Change the otlp exporter endpoint in OpenTelemetry agent according to your external-ip of the collector service and run the application using docker-compose.yaml

$ docker-compose up

Next you need to use port forwarding to access Prometheus and Grafana dashboards in the cluster.

$ kubectl port-forward svc/prometheus-server 3000:80 -n cortex

Open new terminal window and forward a local port to a port on the Grafana service

$ kubectl port-forward svc/stable-grafana 8080:80 -n cortex

Navigate to Prometheus dashboard on http://127.0.0.1:3000/ click status drop-down on the navigation bar and select target then search otel-collector target.

Navigate endpoint of the otel-collector job and you will be able to see the all the metrics that generated from the application.

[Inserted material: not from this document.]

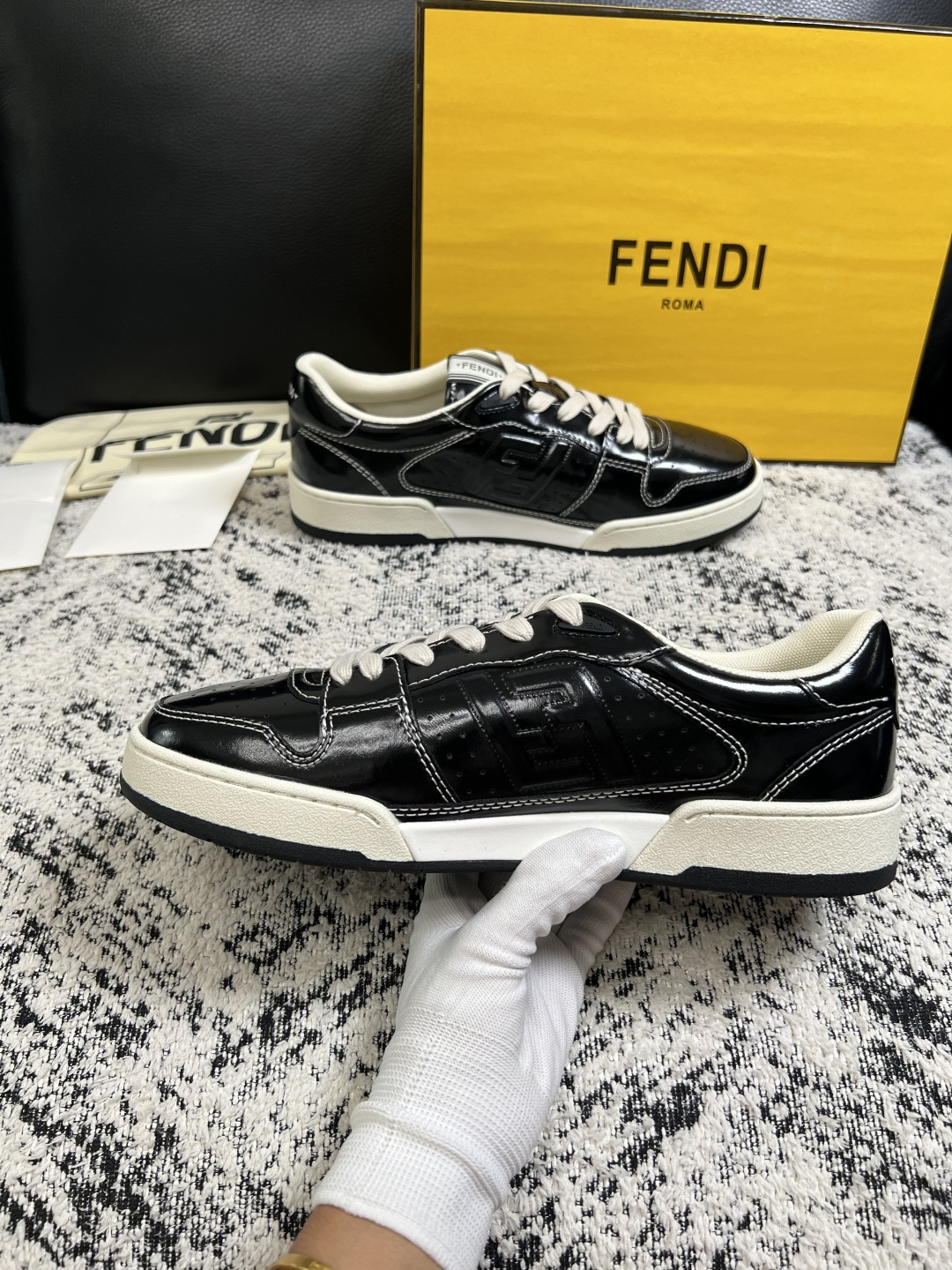FENDI  高品质  顶级工艺品，芬迪  专柜同步，原厂配置意大利进口牛皮面料，进口牛皮内里垫，透气舒适，鞋底：原厂特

Verify metrics from Grafana

After we need to setup Grafana Metrics Dashboard from Prometheus data source. To create a Prometheus data source navigate to Grafana application on http://127.0.0.1:8080/ and login. Default login is admin. But there is no default password — it’s generating if it’s not set and stored inside secretes. You can read it in this way:

$ kubectl get secret --namespace cortex grafana -o jsonpath="{.data.admin-password}" | base64 --decode ; echo

After we need to setup Grafana Metrics Dashboard from Prometheus data source. You can create a data source with Prometheus data source type.

1.Click on the “cogwheel” in the sidebar to open the Configuration menu.

2. Click on “Data Sources”.

3. Click on “Add data source”

4. Select “Prometheus” as the type.

5. Set the appropriate Prometheus server URL.

6. Adjust other data source settings as desired.

7. Click “Save & Test” to save the new data source.

You can find the URL and the access mode below.

After we need to setup Grafana Metrics Dashboard from Prometheus data source. You can create a data source with Prometheus data source type. You can find the URL and the access mode below.

The URL     : http://cortex-query-frontend-headless:8080/prometheus
Access Mode : "server (default)"

Let’s start with adding a panel to show the request latency of the PoC. Press ‘Add Query’ on the panel and fill in the query using cortex_appdemo_request_latency metric. Then click save and apply buttons you will be able to see the metric dashboard.